**What needs to be done:**
Leave out all pictures while repeating the records exactly and completely.

**Data extracts:**
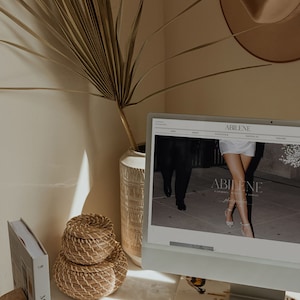 May include: A computer screen displaying a website for Abilene Photography, featuring a couple walking down a street. The website has a white background with black text. The computer is on a white desk with a book and a woven basket.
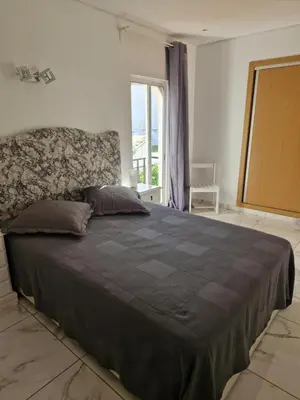 a large bed in a bedroom with a window at Perfect location for nightlife @ the Strip in Albufeira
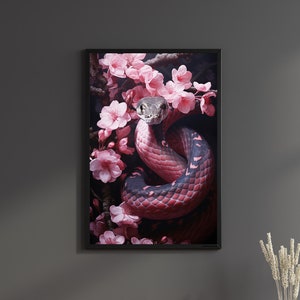 May include: A black framed print of a snake wrapped around pink cherry blossoms. The snake is black and red with a grey head. The background is dark.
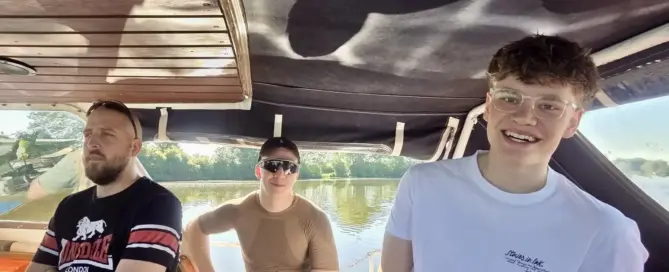 Drei frisch geprüfte Teilnehmer sitzen lachend an Bord eines Motorbootes auf der Weser bei Sonnenschein nach dem Sportbootführerschein See und Binnen.
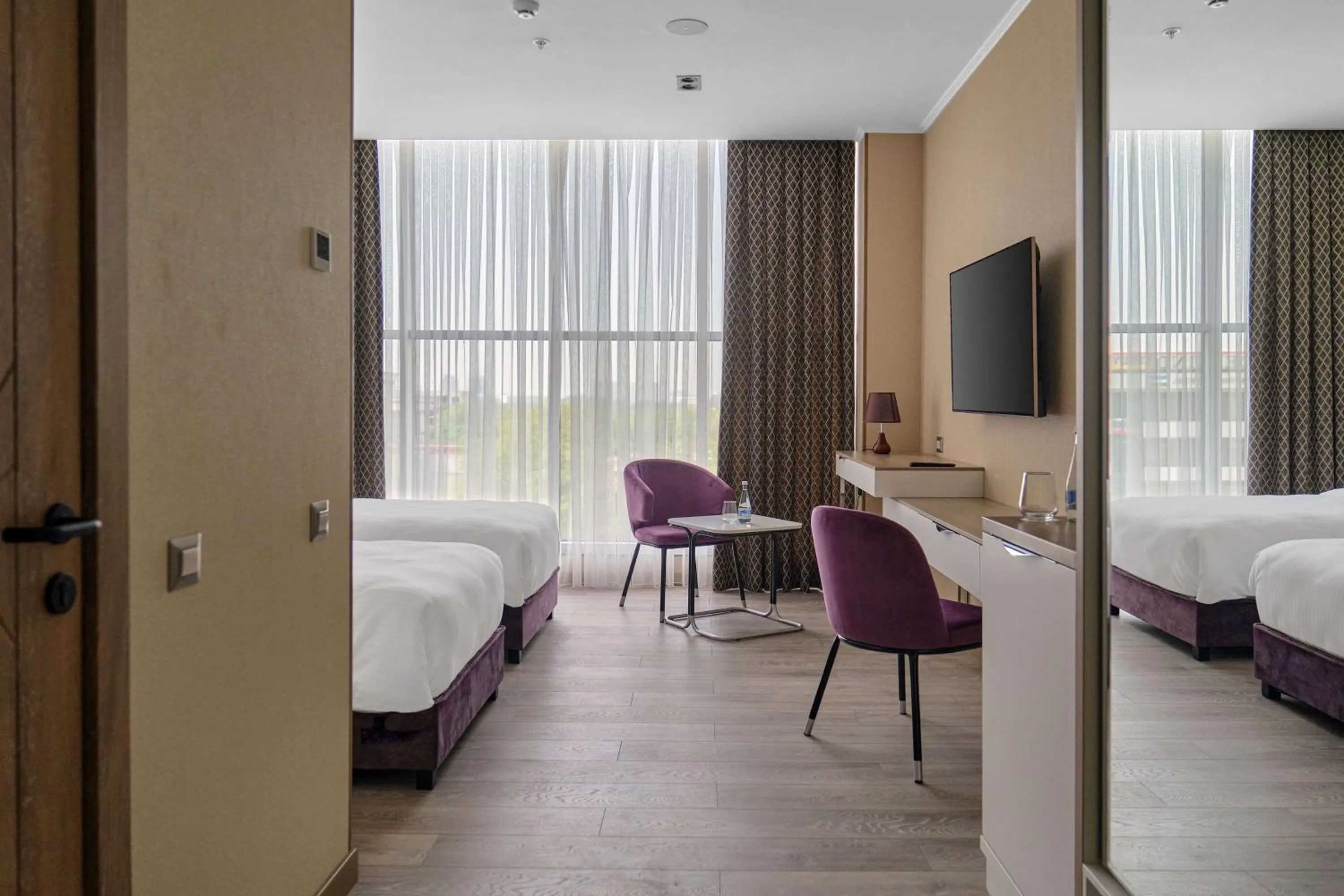 Bedroom, Bed in Panarams Tashkent Hotel, a member of Radisson Individuals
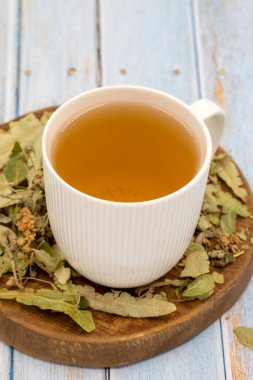 Mavi ahşap arka planda kış bitkisel çayı. Kış çayı. Bağışıklık arttırıcı bitki çayı. Ihlamur yaprakları, karanfil parçacıkları ve papatya çayı.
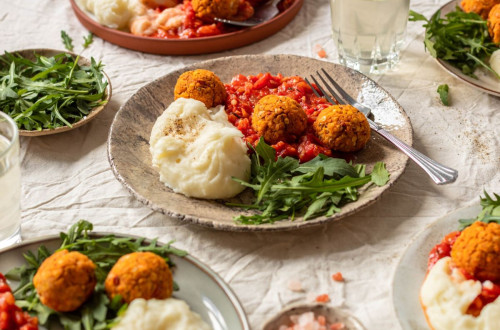 Vegan Lentil Croquettes on a Bed of Vegetables, served with a side dish.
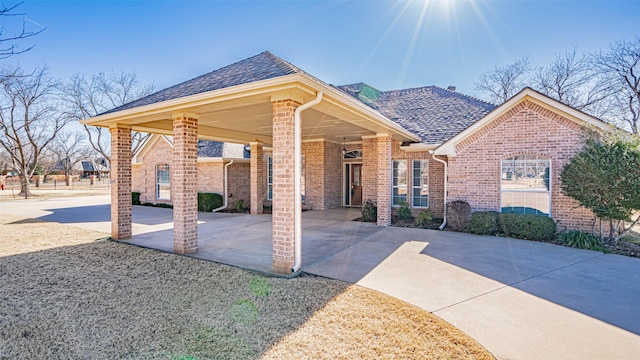 view of front facade with a carport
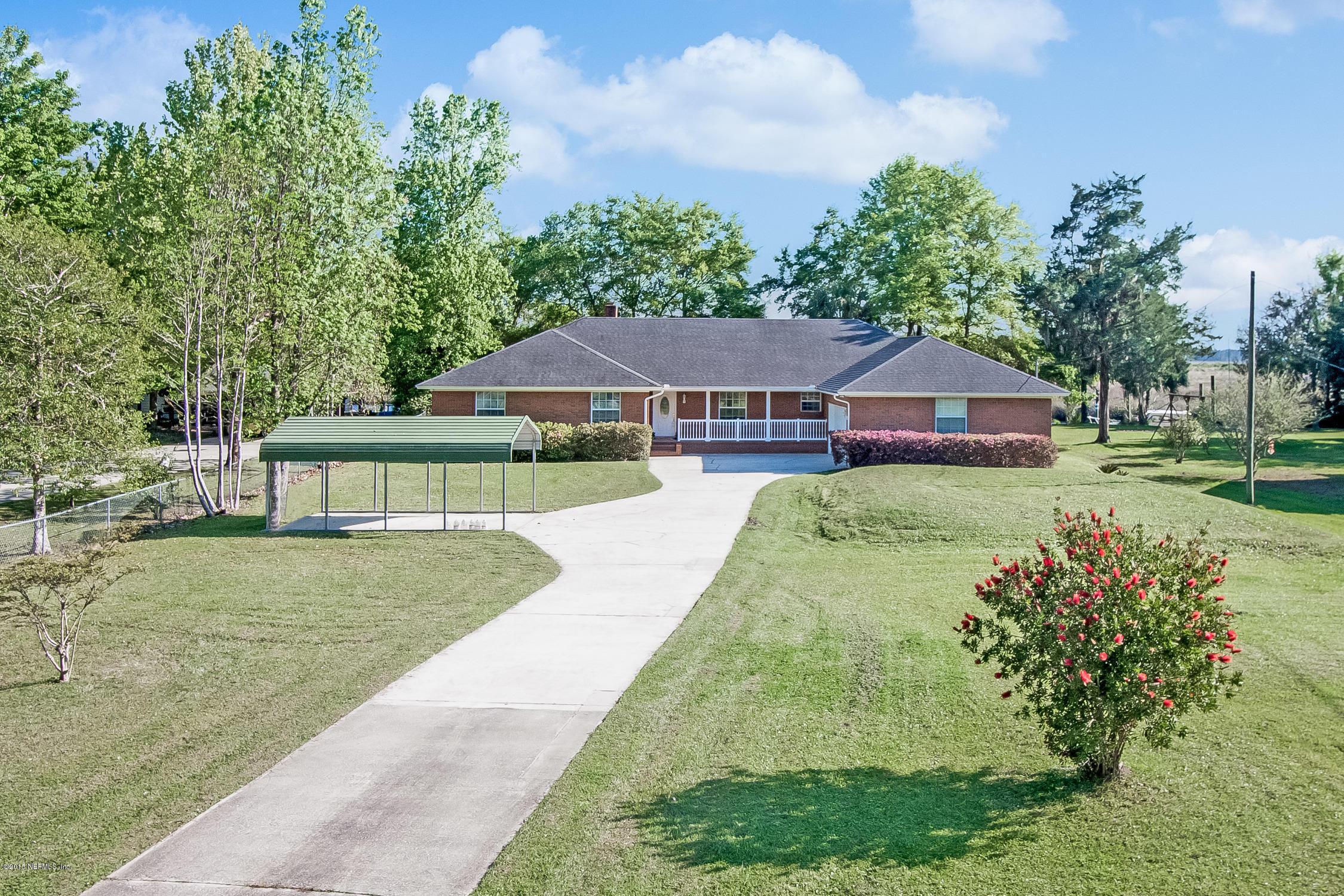 75109 Edwards Road Yulee, FL 32097 - Photo 29 of 30 a view of house with garden space and trees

**Problem solution:**
 May include: A computer screen displaying a website for Abilene Photography, featuring a couple walking down a street. The website has a white background with black text. The computer is on a white desk with a book and a woven basket.
 a large bed in a bedroom with a window at Perfect location for nightlife @ the Strip in Albufeira
 May include: A black framed print of a snake wrapped around pink cherry blossoms. The snake is black and red with a grey head. The background is dark.
 Drei frisch geprüfte Teilnehmer sitzen lachend an Bord eines Motorbootes auf der Weser bei Sonnenschein nach dem Sportbootführerschein See und Binnen.
 Bedroom, Bed in Panarams Tashkent Hotel, a member of Radisson Individuals
 Mavi ahşap arka planda kış bitkisel çayı. Kış çayı. Bağışıklık arttırıcı bitki çayı. Ihlamur yaprakları, karanfil parçacıkları ve papatya çayı.
 Vegan Lentil Croquettes on a Bed of Vegetables, served with a side dish.
 view of front facade with a carport
 75109 Edwards Road Yulee, FL 32097 - Photo 29 of 30 a view of house with garden space and trees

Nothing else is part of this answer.